SUARA TRENGGALEK – Belakangan ini ramai beredar kabar di media sosial dan grup WhatsApp bahwa pemerintah akan mewajibkan proses “balik nama” dalam jual beli ponsel bekas, mirip kendaraan bermotor.
Isu tersebut memunculkan pertanyaan publik, apakah benar kebijakan itu akan segera diterapkan.
Berdasarkan penelusuran, kabar tersebut bukan hoaks sepenuhnya.
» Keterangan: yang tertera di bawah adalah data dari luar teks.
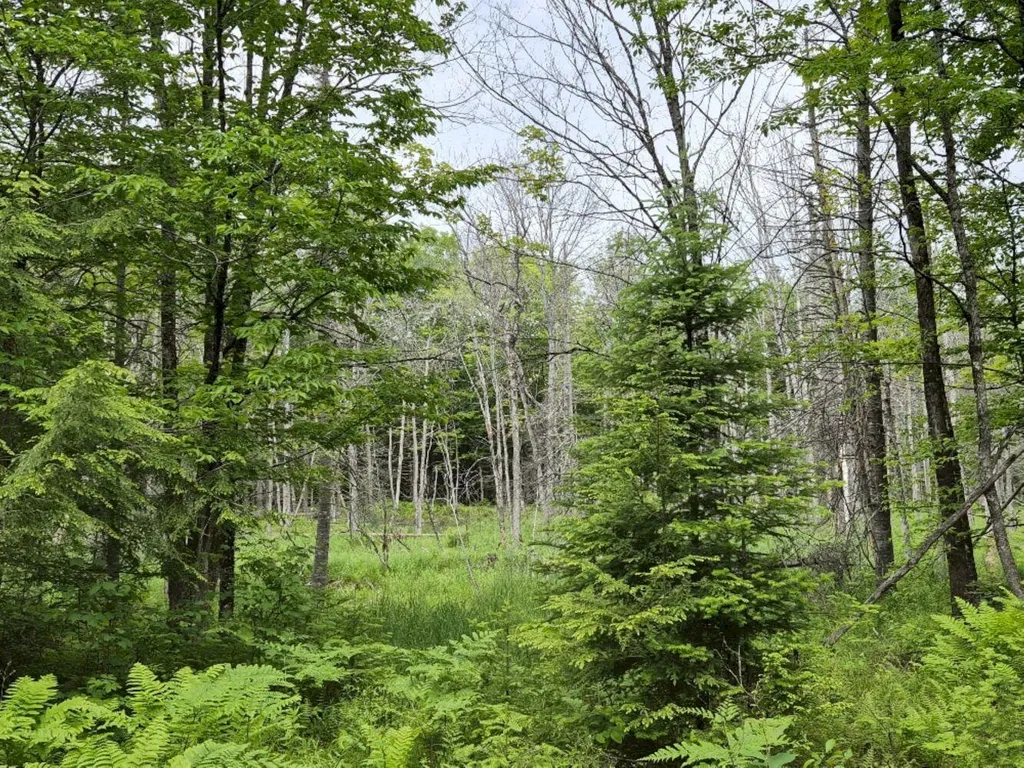 137 Butterfield Road New Sharon ME 04955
Wacana balik nama ponsel memang sedang digodok Kementerian Komunikasi dan Digital (Komdigi), namun belum ada aturan resmi yang diberlakukan.
Ide tersebut disampaikan Direktur Penataan Spektrum Frekuensi Radio, Orbit Satelit, dan Standarisasi Infrastruktur Digital Komdigi, Adis Alifiawan, dalam diskusi publik di Institut Teknologi Bandung (ITB), 29 September 2025.
Acara bertajuk “Perlindungan Konsumen Digital Melalui Pemblokiran IMEI Ponsel Hilang/Dicuri” itu membahas sistem Central Equipment Identity Register (CEIR).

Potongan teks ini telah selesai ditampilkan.